§ Work to complete: Please reproduce the entries below exactly from the line with "Navy Zari Lehenga" through their last line, leaving out any pictures.

§ Data section:
== Segment start ==

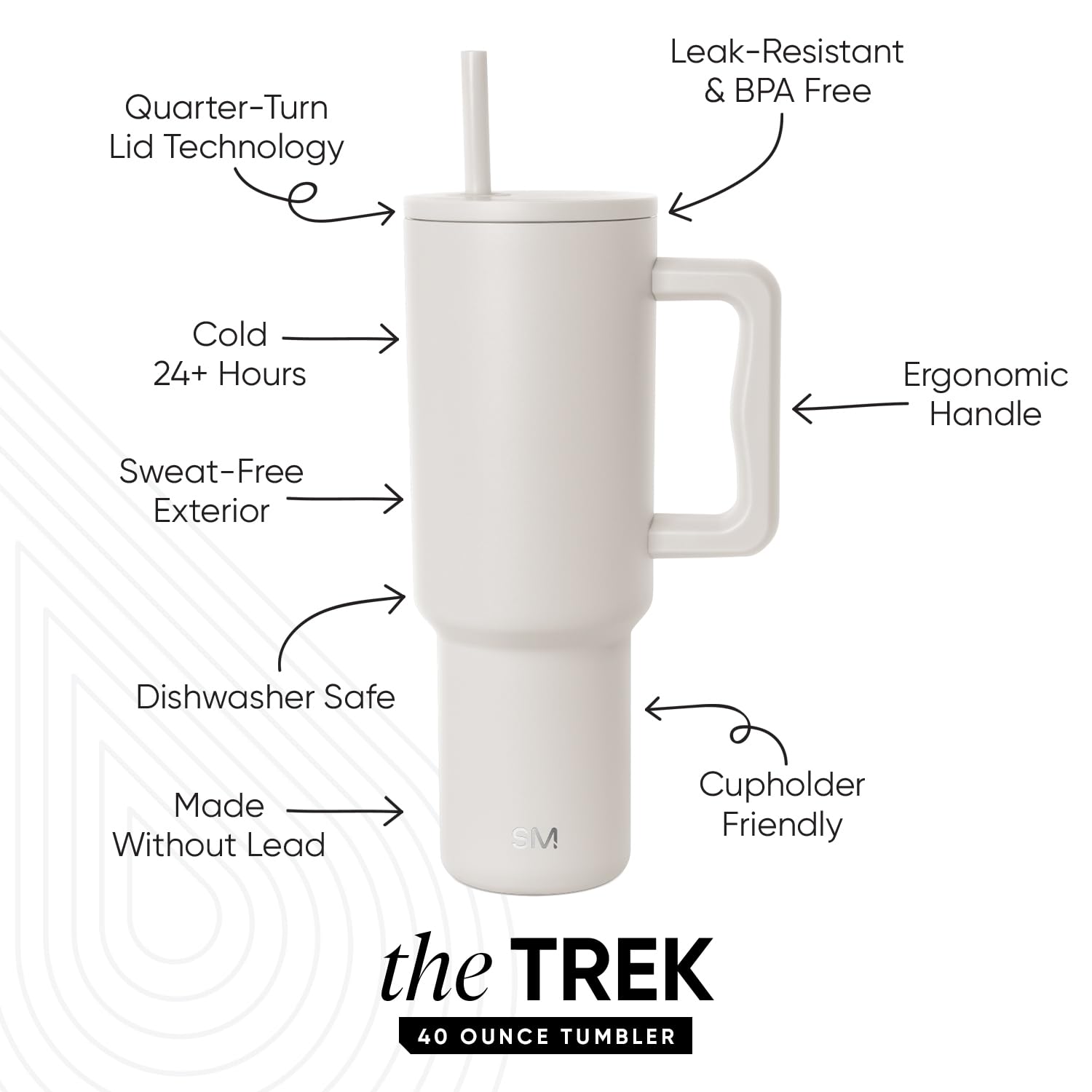 Simple Modern Tumbler 1,134 g z uchwytem i słomką, izolowana butelka na wodę ze stali nierdzewnej, kubek podróżny, prezenty dla kobiet i mężczyzn, Trek, 1180 ml, migdałowa brzoza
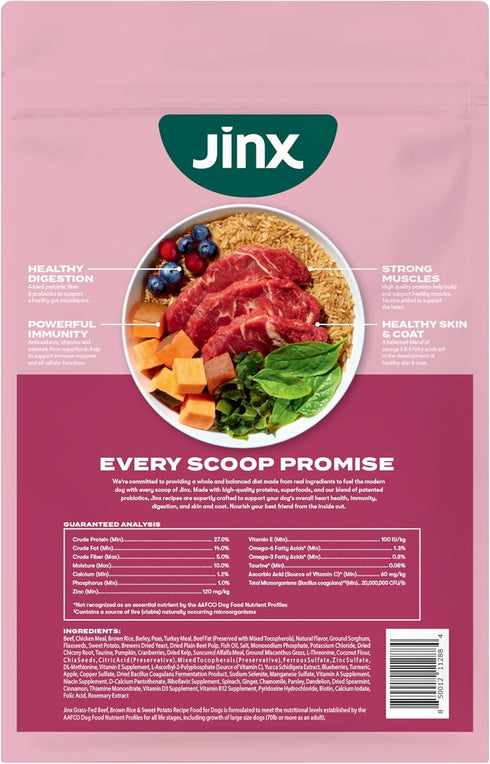 Immune 11.5lb Jinx Premium Dry Dog Food, for All Lifestages - Real Beef, Brown Rice & Sweet Potato Kibble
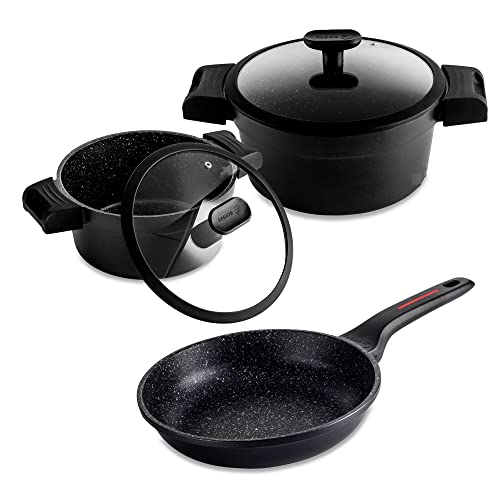 Fagor Alutherm Batería Cocina Inducción 5 Piezas Set 2 Cazuelas 20-24 cm, 2 Tapas Cristal, Sartén 24 cm, Aluminio Fundido, Antiadherente Ecológico sin PFOA, Apta Todas Las Cocinas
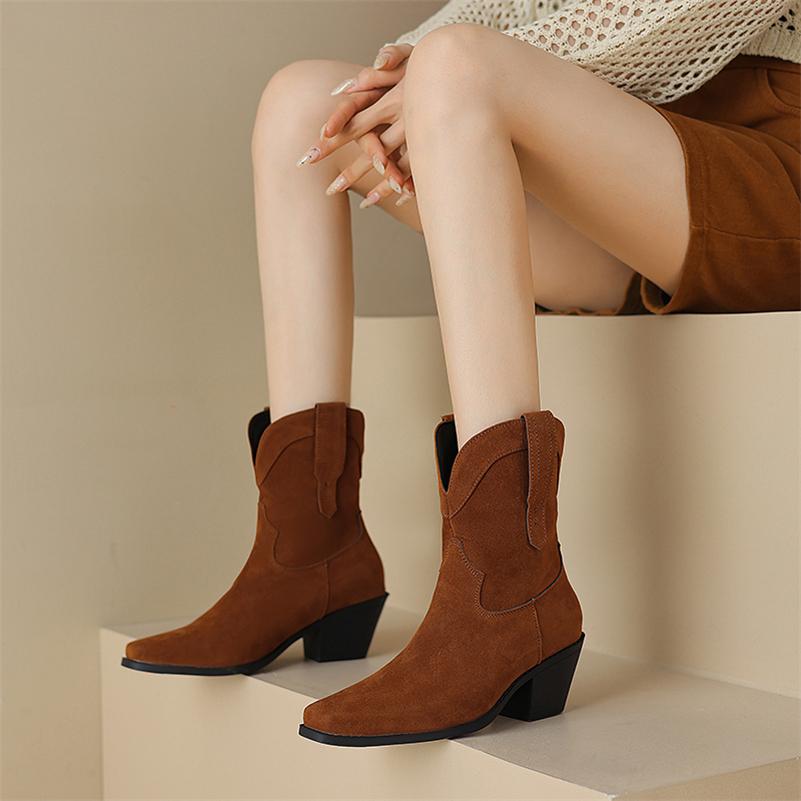 FOREADA Women Ankle Cowgirl Boots Square Toe Thick High Heels Western Boots Concise Cowboy Short Boots Ladies Fashion Shoes Autumn Winter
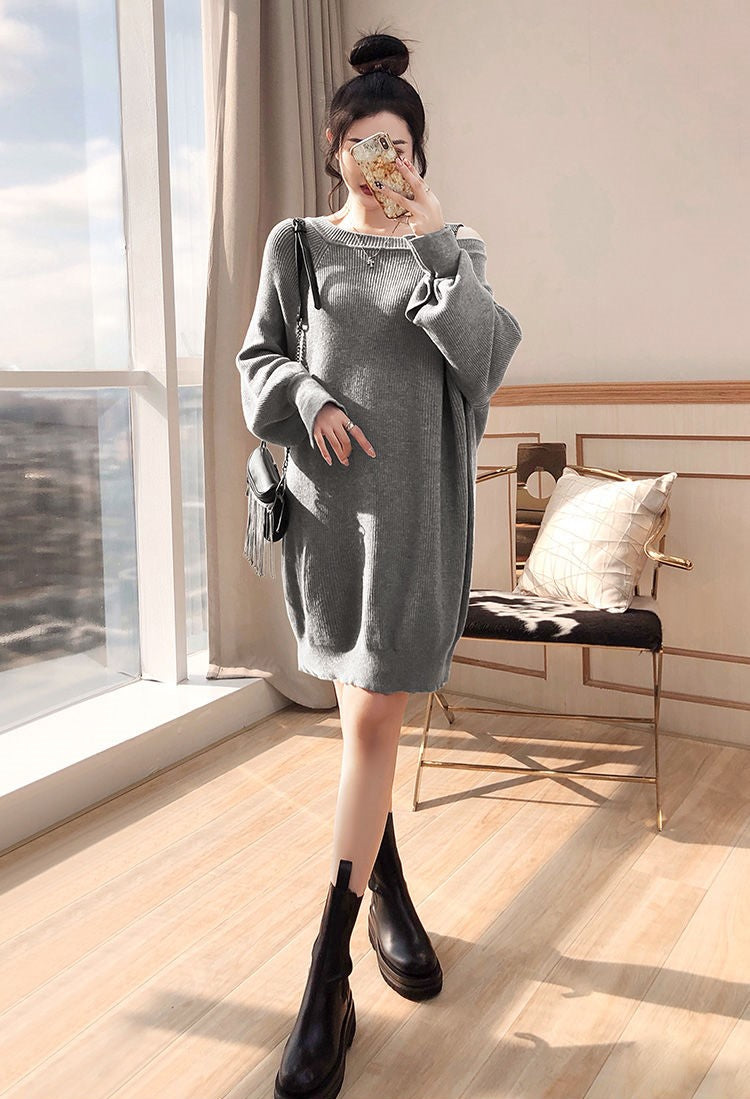 【Dress】肩見せニットワンピース Z7018
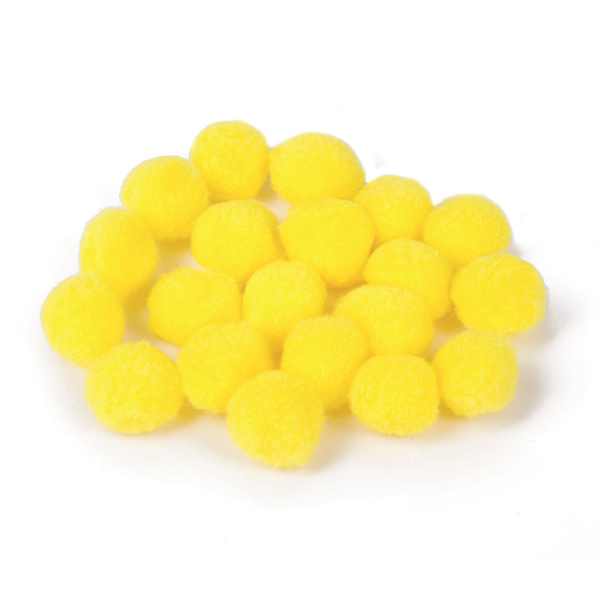 Помпоны для творчества, желтые, 25 мм, 20 шт., ОСТРОВ СОКРОВИЩ, 661451 - Помпоны для творчества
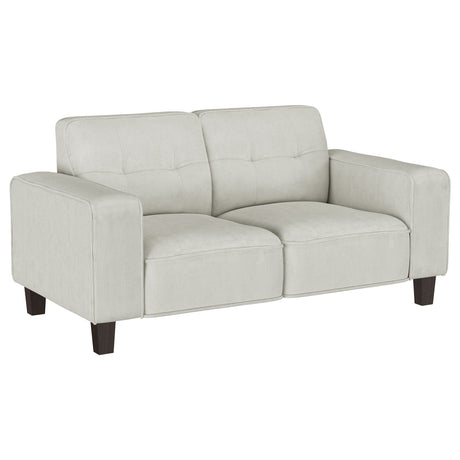 Deerhurst - Upholstered Track Arm Tufted Loveseat - Greige by Coaster Fine Furniture | Bel Furniture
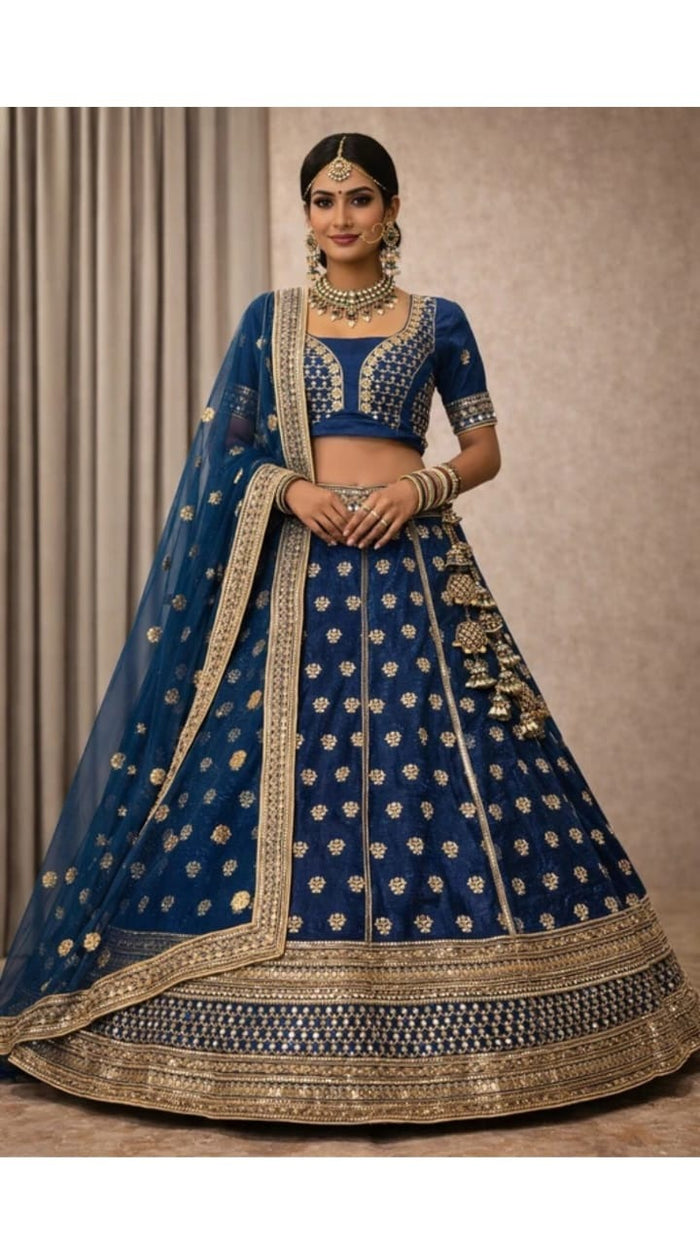 Navy Zari Lehenga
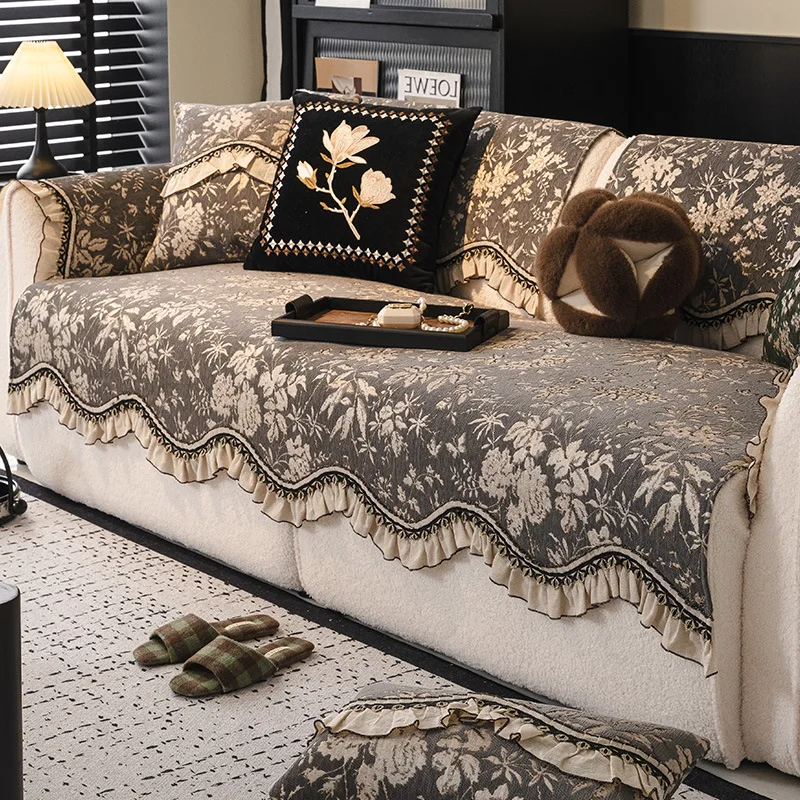 Light Luxury High-end French Special-shaped Sofa Cushion Non-slip Sofa Cushion Universal in All Seasons New Cover Towel
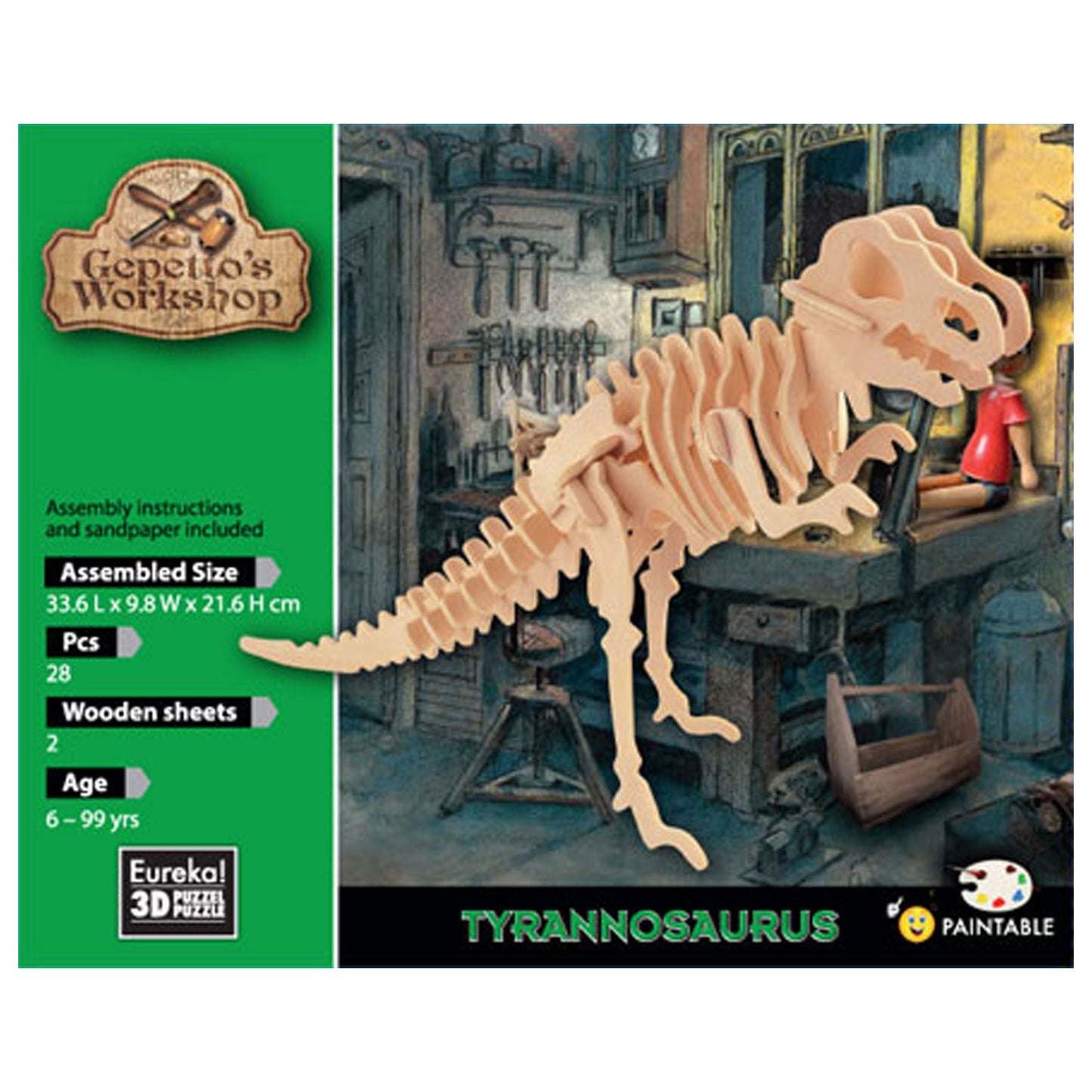 Kit en bois d'atelier de Gepetto 3D - Tyrannosaurus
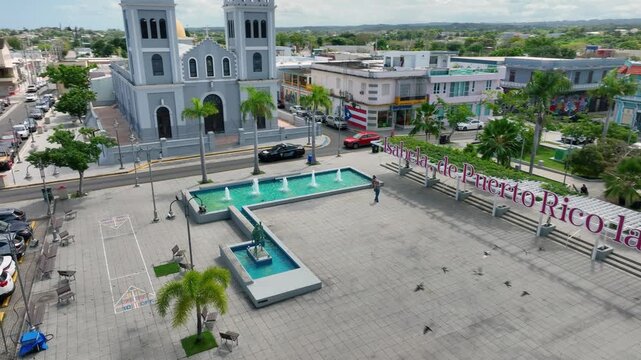Drone footage passing over the town square and Parroquia San Antonio de Padua, Isabella, Puerto Rico
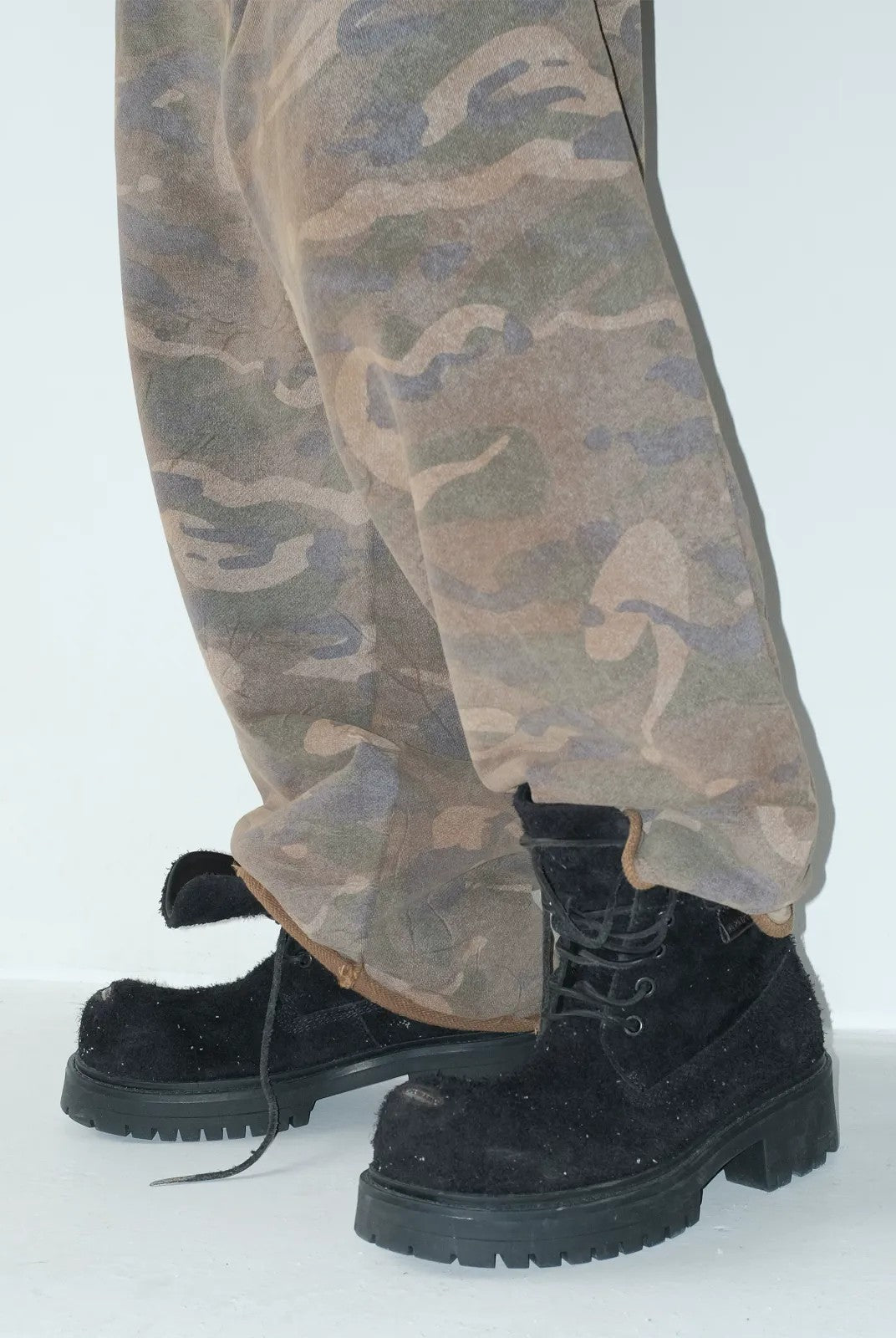 MASONPRINCE Washed Suede Platform Boots in Black - On Model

== Segment end ==

§ Result below:
 Navy Zari Lehenga
 Light Luxury High-end French Special-shaped Sofa Cushion Non-slip Sofa Cushion Universal in All Seasons New Cover Towel
 Kit en bois d'atelier de Gepetto 3D - Tyrannosaurus
Drone footage passing over the town square and Parroquia San Antonio de Padua, Isabella, Puerto Rico
 MASONPRINCE Washed Suede Platform Boots in Black - On Model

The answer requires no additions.